For the next 11 years-until Robinson retired from baseball in 1956-the couple endured the humiliations and bigotry, and celebrated the triumphs and accolades, of being civil rights pioneers. The dignity with which Robinson handled his encounters with racism-including verbal and physical abuse on the field and in hotels, restaurants, trains, and elsewhere-drew public attention to the issue, stirred the consciences of many white Americans, and gave black Americans a tremendous boost of pride and self-confidence.
Martin Luther King Jr. once told Dodgers star Don Newcombe, who along with Robinson and baseball icon Roy Campanella moved from the Negro League to the Major League, "You'll never know what you and Jackie and Roy did to make it possible to do my job."
Robinson, who spent his entire Major League career (1947 to 1956) with the Dodgers, was voted Rookie of the Year in 1947 and Most Valuable Player in 1949, when he won the National League batting title with a .342 batting average. An outstanding base runner and base stealer, with a .311 lifetime batting average, he led the Dodgers to six pennants and was elected to the National Baseball Hall of Fame in 1962.
Over the years, most of the celebrations of Robinson's achievements-in movies, museum exhibits, and news articles-have been cast in a familiar ideological mold. They focus primarily on Robinson's accomplishments as an individual pioneer, as one man who triumphed over adversity-a lone trailblazer who broke baseball's color line on his athletic merits, with a helping hand from Dodgers executive Branch Rickey, the shrewd strategist who recruited Robinson and orchestrated his transition from the Negro Leagues to the all-white Major Leagues.
This version of the story has at times served conservative interests.
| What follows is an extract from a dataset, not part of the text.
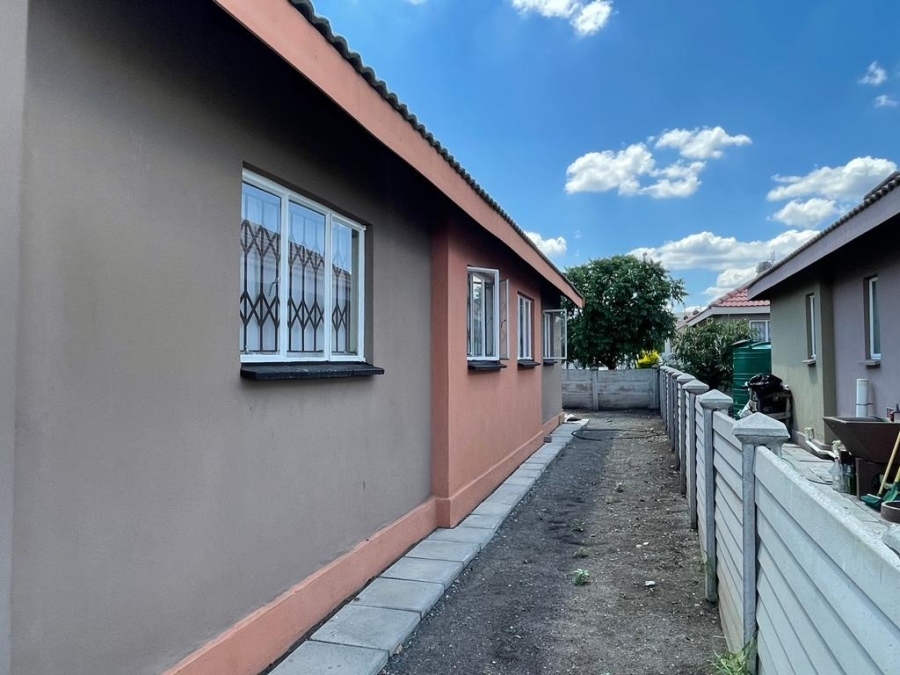 4 Bedroom Property for Sale in Freedom Park North West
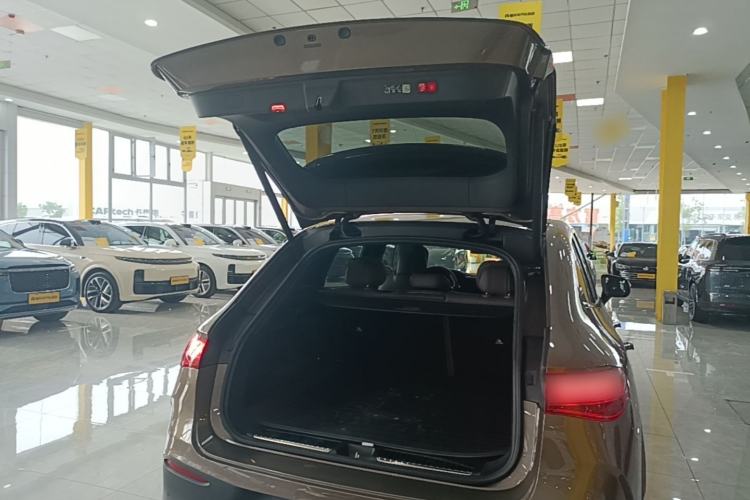Used Mercedes-Benz EQE SUV 2023 500 4MATIC Trunk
In 1996, as the nation was celebrating the 50th anniversary of baseball's integration, the right-wing National Review pointed to Robinson's success as an argument against affirmative action. "Government had almost nothing to do with this triumph of the competitive market," wrote Steve Sailer. "Baseball owners finally realized that the more they cared about the color of people's money, the less they could afford to care about their color of their skin."
But the true story of baseball's integration is not primarily about the triumph of rugged individualism or enlightened capitalism. Rather, it was a political victory brought about by social protest, part and parcel of the nation's broader struggle for civil rights and social justice.
In interviews about the film, Burns describes racism and slavery as America's "original sin." He gives full credit to Robinson's talent and courage, but he also casts his achievement as part of the ongoing battle to dismantle America's own apartheid system. That story has been told in two outstanding books-Jules Tygiel's Baseball's Great Experiment (1983) and Chris Lamb's Conspiracy of Silence: Sportswriters and the Long Campaign to Desegregate Baseball (2012). Burns understands that history, which is filled with fascinating characters and dramatic conflicts.
As Tygiel's and Lamb's books recount, Rickey's plan came after more than a decade of effort by black and left-wing journalists and activists to desegregate the national pastime. Beginning in the 1930s, the Negro press, civil rights groups, the Communist Party, progressive white activists, and radical politicians waged a sustained campaign to integrate baseball. It was part of a broader movement to eliminate discrimination in housing, jobs, and other sectors of society. It included protests against segregation within the military, support for a federal anti-lynching law, marches to open up defense jobs to blacks during World War II, and boycotts against stores that refused to hire African Americans that exhorted "don't shop where you can't work." The movement accelerated after the war, when returning black veterans expected that America would open up opportunities for African Americans.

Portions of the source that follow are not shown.